Attenborough also became a filmmaker, and here too Chaplin may have influenced him, since like Chaplin he seems determined not only to entertain the world but to improve it. Attenborough movies like "Gandhi," about the great Indian pacifist, and "Cry Freedom," about the fight against apartheid in South Africa, have political as well as dramatic and cinematic goals - as did such Chaplin pictures as "Monsieur Verdoux," "The Great Dictator," and "A King in New York."
Attenborough is no Chaplin, however, despite the inspiration he may have drawn from him. Among his many other virtues, Chaplin was above all a master of mood and emotion, able to flesh out a simple story with such rich feelings - often blending deep sadness and high hilarity into a seamless whole, as Attenborough rightly notes - that a virtual universe of comedy and tragedy could seem concentrated in the simplest of his stories.
By contrast, Attenborough is an oddly mechanical filmmaker, good at logistics but lacking in the warmth and sensitivity that any true artist needs. Most of "Chaplin" is typical Attenborough cinema: crisp, carefully planned out, and far less touching than it ought to be.
Chaplin's actual life was uncommonly active and complicated. He grew up in a troubled household, achieved early fame as a music-hall performer, entered the movies when they were still a fledgling art, and personally manufactured the image that made him perhaps the most widely renowned star who ever lived.
He also stirred controversy with his multiple marriages and his predilection for very young women, and fought a bitter battle with the United States government over his leftist political views. A more dramatic subject for a Hollywood bio-pic would be hard to find - which makes it all the more regrettable that "Chaplin" has been stitched together with more attention to superficial dramatics than to the fascinating complexities and contradictions that ran through the great artist's life and work.

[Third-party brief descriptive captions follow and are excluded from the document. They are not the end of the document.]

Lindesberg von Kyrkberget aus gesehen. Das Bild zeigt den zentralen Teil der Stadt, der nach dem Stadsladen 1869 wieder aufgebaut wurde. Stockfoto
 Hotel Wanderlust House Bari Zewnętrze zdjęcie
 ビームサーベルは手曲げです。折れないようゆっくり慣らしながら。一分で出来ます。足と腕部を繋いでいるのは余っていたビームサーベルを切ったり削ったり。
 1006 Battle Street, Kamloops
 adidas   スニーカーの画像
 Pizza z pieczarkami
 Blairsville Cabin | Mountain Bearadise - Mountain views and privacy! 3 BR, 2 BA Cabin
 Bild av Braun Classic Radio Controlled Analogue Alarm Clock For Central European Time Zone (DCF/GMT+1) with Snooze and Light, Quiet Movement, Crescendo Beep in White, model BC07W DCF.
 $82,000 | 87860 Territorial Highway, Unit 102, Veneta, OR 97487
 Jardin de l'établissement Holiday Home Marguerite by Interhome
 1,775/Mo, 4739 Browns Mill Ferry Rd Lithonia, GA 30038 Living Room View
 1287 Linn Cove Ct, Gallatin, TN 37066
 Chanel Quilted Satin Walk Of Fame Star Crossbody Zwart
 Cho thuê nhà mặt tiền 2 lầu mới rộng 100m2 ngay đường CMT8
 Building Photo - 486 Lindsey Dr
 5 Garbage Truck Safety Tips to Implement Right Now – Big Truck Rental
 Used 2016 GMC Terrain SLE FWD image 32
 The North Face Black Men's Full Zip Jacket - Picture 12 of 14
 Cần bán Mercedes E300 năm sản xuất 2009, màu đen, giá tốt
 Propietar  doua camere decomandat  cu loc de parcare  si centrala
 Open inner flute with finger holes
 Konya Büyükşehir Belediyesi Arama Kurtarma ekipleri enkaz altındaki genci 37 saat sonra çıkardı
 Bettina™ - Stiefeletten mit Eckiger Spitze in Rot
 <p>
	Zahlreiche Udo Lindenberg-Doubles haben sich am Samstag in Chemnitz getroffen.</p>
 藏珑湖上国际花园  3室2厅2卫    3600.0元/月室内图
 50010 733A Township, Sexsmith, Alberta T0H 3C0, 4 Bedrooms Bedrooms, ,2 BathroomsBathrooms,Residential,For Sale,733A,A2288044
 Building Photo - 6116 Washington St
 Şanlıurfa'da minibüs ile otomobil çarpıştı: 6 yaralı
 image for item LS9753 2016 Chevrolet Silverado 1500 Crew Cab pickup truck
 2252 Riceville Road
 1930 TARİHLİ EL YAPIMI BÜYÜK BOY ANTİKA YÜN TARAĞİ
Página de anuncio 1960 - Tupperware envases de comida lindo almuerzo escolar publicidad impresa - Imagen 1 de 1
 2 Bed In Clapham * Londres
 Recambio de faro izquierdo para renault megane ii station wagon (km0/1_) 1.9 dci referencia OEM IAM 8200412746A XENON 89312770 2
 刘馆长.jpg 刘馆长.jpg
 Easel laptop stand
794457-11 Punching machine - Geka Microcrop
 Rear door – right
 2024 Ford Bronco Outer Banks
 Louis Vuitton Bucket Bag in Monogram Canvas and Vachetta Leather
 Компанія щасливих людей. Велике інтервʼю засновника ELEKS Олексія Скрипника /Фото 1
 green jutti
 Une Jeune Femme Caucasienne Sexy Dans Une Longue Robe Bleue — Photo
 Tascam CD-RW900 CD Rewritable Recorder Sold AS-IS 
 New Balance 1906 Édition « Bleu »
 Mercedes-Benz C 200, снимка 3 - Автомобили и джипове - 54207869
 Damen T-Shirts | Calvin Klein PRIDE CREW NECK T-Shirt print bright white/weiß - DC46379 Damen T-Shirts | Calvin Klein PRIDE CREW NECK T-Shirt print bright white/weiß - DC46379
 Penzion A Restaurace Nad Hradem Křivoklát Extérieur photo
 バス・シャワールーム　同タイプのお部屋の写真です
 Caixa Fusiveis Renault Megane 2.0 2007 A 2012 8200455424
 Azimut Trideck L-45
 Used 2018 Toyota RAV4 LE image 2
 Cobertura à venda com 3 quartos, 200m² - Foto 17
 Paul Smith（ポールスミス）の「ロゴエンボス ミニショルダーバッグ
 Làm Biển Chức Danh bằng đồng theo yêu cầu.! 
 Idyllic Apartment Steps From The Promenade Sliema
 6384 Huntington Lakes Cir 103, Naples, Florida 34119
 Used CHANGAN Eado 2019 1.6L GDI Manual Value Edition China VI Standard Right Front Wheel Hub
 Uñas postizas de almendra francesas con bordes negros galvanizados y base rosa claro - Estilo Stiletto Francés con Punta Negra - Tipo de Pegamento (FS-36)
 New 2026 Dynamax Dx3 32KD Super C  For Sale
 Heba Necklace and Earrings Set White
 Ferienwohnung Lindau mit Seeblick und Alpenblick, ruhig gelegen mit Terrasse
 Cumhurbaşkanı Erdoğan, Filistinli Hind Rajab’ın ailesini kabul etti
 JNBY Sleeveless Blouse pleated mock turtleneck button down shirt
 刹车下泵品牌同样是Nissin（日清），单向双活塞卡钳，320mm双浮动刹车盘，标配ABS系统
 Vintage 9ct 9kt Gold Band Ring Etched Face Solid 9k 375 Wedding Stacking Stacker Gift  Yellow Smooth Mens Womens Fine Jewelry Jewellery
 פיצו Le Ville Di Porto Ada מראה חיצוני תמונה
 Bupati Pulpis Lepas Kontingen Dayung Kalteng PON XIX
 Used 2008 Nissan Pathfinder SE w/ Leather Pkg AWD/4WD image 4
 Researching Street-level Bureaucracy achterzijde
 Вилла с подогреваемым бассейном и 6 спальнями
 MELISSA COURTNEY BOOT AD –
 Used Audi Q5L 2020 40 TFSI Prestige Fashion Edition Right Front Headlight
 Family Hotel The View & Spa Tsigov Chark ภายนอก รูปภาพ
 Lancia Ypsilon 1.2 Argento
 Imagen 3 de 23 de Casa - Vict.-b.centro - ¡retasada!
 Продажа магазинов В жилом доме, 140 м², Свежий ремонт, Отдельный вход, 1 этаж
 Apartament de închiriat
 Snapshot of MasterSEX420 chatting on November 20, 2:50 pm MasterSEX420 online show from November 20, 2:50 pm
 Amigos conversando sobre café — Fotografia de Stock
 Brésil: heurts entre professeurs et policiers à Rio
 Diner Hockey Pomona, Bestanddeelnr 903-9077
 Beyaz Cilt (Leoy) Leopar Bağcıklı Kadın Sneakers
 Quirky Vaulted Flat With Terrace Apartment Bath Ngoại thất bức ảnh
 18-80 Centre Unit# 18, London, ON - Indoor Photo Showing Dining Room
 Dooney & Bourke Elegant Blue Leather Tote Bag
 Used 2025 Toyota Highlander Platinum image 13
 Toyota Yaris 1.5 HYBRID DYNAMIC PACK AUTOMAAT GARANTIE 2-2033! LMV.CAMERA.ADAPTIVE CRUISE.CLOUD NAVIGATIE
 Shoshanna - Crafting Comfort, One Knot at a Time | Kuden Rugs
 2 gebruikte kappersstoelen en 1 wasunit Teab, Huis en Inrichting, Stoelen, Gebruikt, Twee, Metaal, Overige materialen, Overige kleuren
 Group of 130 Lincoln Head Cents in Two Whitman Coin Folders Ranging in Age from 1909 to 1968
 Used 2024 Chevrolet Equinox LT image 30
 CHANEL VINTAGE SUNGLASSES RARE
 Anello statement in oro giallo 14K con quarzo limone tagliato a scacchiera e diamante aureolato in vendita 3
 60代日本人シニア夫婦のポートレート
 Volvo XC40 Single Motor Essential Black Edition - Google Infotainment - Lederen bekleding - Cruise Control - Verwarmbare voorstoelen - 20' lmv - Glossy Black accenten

True to form, Attenborough has crowded the screen with terrific performers. Chief among them is Robert Downey, Jr., whose consistently skilled and hearty portrayal of Chaplin lends a needed center of gravity to the picture.
In the supporting cast, Geraldine Chaplin plays her own grandmother, struggling to raise her children amid poverty and insanity.
Anthony Hopkins plays a biographer whose interviews with Chaplin provide the movie's basic framework.
James Woods plays a lawyer who prosecutes Chaplin in a highly publicized paternity suit.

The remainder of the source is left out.